S’il est vrai qu’on retrouve une plus grande proportion d’immigrants parmi les sans-emploi et les prestataires de l’aide sociale que la place qu’ils occupent dans la population, voilà une vision à court terme qui se rapporte surtout à certaines catégories, comme les demandeurs du statut de réfugié. Une situation qui se corrige généralement après quelques années. Et plus vite on leur aura donné la possibilité d’apprendre le français, plus vite ils s’intégreront. D’ailleurs, la langue constitue pour plusieurs un plus grand obstacle à l’emploi que le diplôme. Puis, n’oublions pas les enfants, qui deviendront bien vite de petits Québécois comme les autres.
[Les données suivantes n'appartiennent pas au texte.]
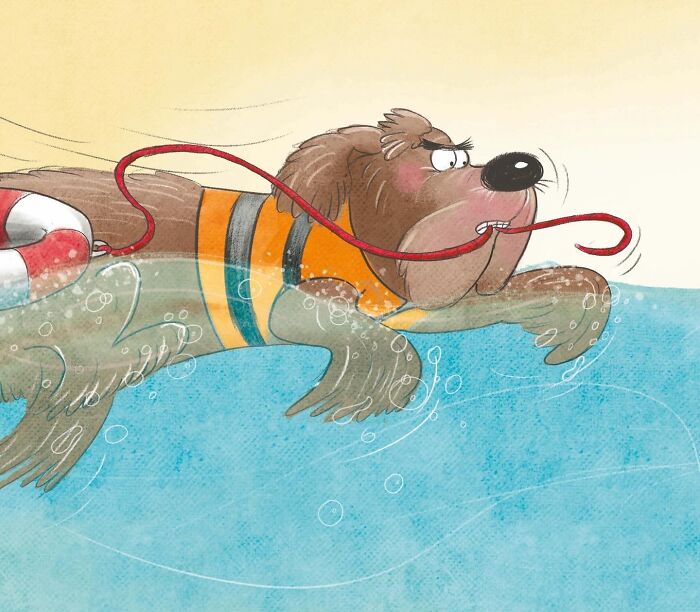30 Animal Drawings That Will Totally Make You Smile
Tout cela ne veut pas dire qu’il faille prendre au pied de la lettre l’argumentation du Conseil du patronat associant directement les problèmes de pénurie de main-d’œuvre, de vieillissement de la population et d’enrichissement économique à la croissance rapide du nombre d’immigrants. Comme le réputé Pierre Fortin l’écrivait dans L’actualité en 2019, si les pays qui accueillent le plus d’immigrants étaient ceux où la pénurie de main-d’œuvre est la moins grave, les États-Unis auraient réglé leur problème depuis longtemps, alors que le Japon, qui accueille très peu d’immigrants, serait en pénurie grave. Ce qui est l’inverse de la réalité, car « un plus grand nombre de personnes en âge de travailler peut très bien conduire à une aggravation plutôt qu’à un soulagement des pénuries de main-d’œuvre » à cause de l’augmentation de la demande de biens et de services qui accompagne la croissance de la population active.
« Augmenter rapidement les quotas d’immigration pour affronter des pénuries particulières de main-d’œuvre n’est pas une solution », affirme Fortin, puisque cela « aurait pour effet d’aggraver le chômage des immigrants récents et de renforcer la résistance sociale à l’immigration. Autrement dit, vouloir aller trop vite risquerait de nous faire reculer au lieu d’avancer ».
Le Québec a besoin des immigrants, cela est une évidence non seulement économique, mais sociale et culturelle. Encore faut-il être en mesure de les accueillir et de leur permettre de s’intégrer de façon harmonieuse en leur fournissant l’accompagnement nécessaire. Or, quand on constate le cul-de-sac incroyable dans lequel sont encore plongés des milliers de candidats à l’obtention du statut de résident permanent du seul fait de la lourdeur bureaucratique, tant à Québec qu’à Ottawa, on ne peut que trouver la sortie du premier ministre Legault encore plus incongrue.
Comme Le Devoir nous l’apprenait récemment, des demandeurs du statut de résident permanent, dont une majorité habitent et travaillent déjà chez nous, font le choix de retourner dans leur pays d’origine à cause de la lenteur chronique de nos administrations publiques à respecter les délais promis. Ils sont ainsi plus de 51 000 détenteurs d’un certificat de sélection du Québec en attente depuis des mois d’une réponse d’Ottawa.
M. Legault, pourquoi ne pas vous montrer plus ferme à l’endroit de votre homologue fédéral au lieu de vous enfermer dans une logique qui ne tient pas la route ? Ces gens en attente du statut de résident permanent que vous avez déjà sélectionnés sont des candidats parfaits à l’immigration… même s’ils ne gagneront pas tous 56 000 $ la première année.